First, there is no question that any of the longer-term EMU changes – such as a likely proposal for a European budgets minister – would appear before that date, since these may require treaty change.
No proposals for treaty change will be entertained before the European Parliamentary elections set for June 2014.
Values and duties
Also to be introduced in 2014 are “mutually agreed contracts for competitiveness and growth,” which were laid down in today’s EU summit conclusions.
Along the leaders’ thinking, such agreements would be designed to promote structural reforms in eurozone member countries – even when they are neither running excessive deficits nor in financial difficulties – with the reward of financial incentives.

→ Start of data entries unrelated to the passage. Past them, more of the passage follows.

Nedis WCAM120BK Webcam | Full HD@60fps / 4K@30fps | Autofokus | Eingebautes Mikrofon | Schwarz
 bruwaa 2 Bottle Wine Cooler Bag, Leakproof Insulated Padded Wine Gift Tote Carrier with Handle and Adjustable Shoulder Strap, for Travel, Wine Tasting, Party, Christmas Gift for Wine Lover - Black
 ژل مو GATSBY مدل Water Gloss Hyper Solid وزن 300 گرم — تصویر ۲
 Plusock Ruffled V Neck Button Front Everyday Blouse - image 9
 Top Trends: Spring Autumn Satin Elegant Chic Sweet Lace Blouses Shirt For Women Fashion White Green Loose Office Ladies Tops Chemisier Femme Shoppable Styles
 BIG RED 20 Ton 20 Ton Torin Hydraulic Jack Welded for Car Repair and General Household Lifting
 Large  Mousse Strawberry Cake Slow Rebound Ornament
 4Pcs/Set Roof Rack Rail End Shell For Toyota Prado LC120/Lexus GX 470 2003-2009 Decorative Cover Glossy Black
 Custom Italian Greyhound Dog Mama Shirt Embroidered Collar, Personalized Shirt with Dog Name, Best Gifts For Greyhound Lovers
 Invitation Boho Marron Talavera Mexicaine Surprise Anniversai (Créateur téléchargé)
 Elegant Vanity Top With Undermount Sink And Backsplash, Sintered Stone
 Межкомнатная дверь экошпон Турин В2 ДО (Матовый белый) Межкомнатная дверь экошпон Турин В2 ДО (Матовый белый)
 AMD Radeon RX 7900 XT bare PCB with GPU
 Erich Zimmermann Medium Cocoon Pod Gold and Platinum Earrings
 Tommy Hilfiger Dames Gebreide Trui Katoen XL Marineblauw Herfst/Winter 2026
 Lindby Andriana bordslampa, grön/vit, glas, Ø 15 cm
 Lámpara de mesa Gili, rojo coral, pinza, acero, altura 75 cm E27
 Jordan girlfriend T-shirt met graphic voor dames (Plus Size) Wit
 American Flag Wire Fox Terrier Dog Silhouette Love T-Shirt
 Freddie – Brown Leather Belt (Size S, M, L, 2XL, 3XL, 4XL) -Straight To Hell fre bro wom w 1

European Council President Herman Van Rompuy was asked to flesh out proposals for the June EU summit but some details surrounding these instruments appear to be agreed between Europe’s two biggest players.
Maintaining her reputation as an upholder of the values of duties, Merkel emphasised the degree to which these contracts could boost competitiveness, but understated the amount of “fiscal capacity” that might be on offer as a result by way of reward.
Such a sum was not intended to be more than between €10 and €20 billion, she said, suggesting the money might be raised from the financial transaction tax, structural funds or other “own resources” within the EU budget.
In turn, Hollande lived up to his reputation for stressing “solidarity” over fiscal obligations – a key strain to his anti-austerity message – and underlined that such contracts would be voluntary.
According to the summit conclusions, the reforms implemented under the competitiveness contracts would be supported by “solidarity mechanisms that can enhance the efforts made by the member states”.
Since European institutions lack the competence to lay out contract terms in a range of fiscal issues – say pensions rights for example – such contracts will only be binding on member states to the extent they wish them to be, Hollande suggested.
He added that some states would probably refuse to sign such contracts, and added that he was personally in favour of them, when they came with “solidarity tools or incentives”.
Hollande said that he and Merkel had discussed the contracts and had come to a compromise that worked, but judging from their differing presentation of the idea, they are likely to be the subject of much debate behind the scenes.